## EXERCISE DIRECTIONS
For this exercise, return only the lines in the records below from the one holding "伊豆の国市御門の中古一戸建て" through the one holding "2016 Hottest Sale", including both, exactly as they appear and without pictures.

## THE INPUT
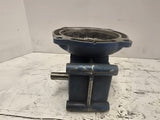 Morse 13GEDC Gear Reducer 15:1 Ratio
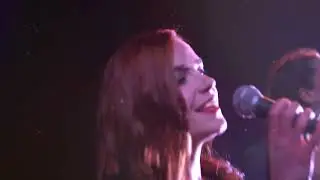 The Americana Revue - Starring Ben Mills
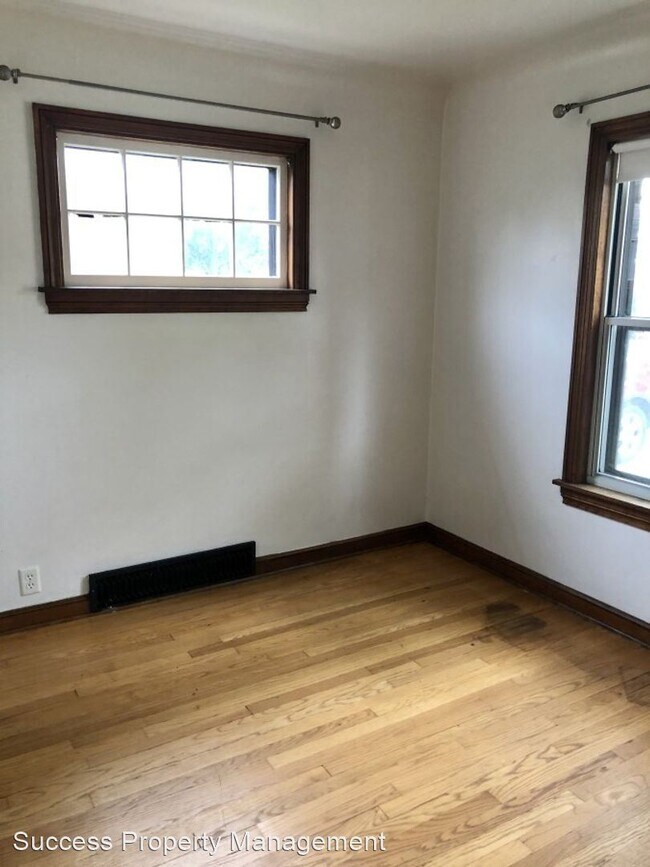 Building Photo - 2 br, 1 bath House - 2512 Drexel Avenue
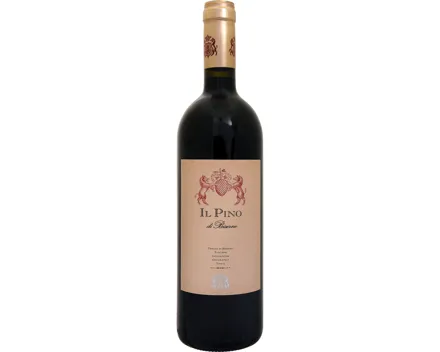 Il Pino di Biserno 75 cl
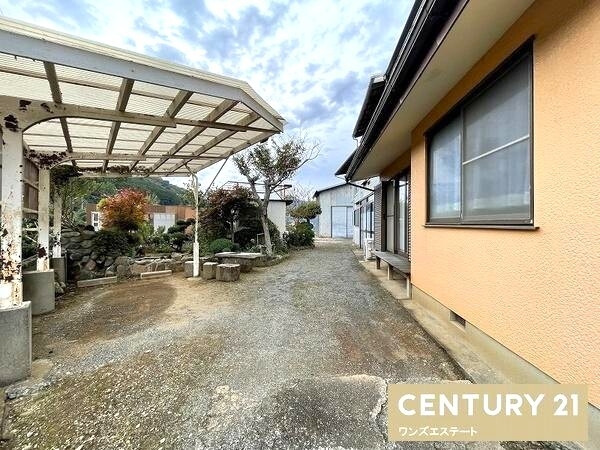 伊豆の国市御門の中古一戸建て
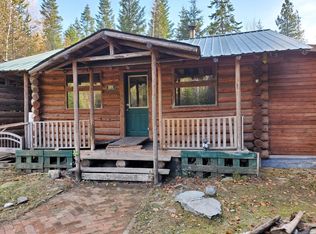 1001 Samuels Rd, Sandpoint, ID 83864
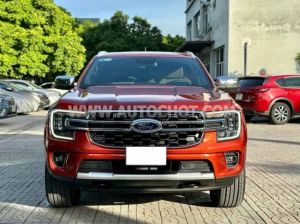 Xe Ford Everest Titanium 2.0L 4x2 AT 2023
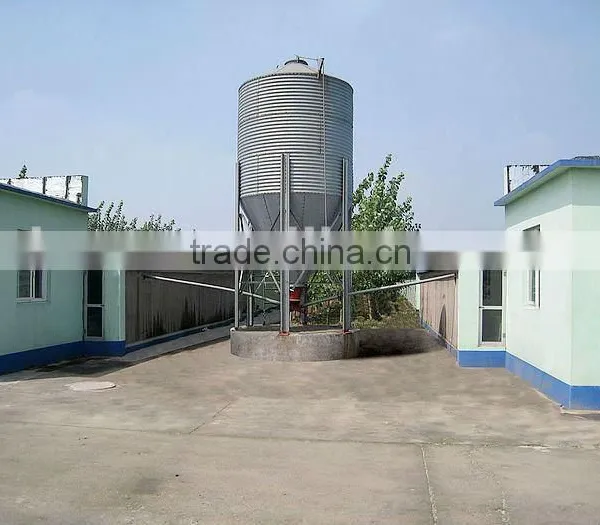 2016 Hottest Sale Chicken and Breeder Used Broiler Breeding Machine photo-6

* * *

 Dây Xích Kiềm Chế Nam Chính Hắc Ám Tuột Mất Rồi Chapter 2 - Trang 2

## OUTPUT FOR THIS EXERCISE
 伊豆の国市御門の中古一戸建て
 1001 Samuels Rd, Sandpoint, ID 83864
 Xe Ford Everest Titanium 2.0L 4x2 AT 2023
 2016 Hottest Sale Chicken and Breeder Used Broiler Breeding Machine photo-6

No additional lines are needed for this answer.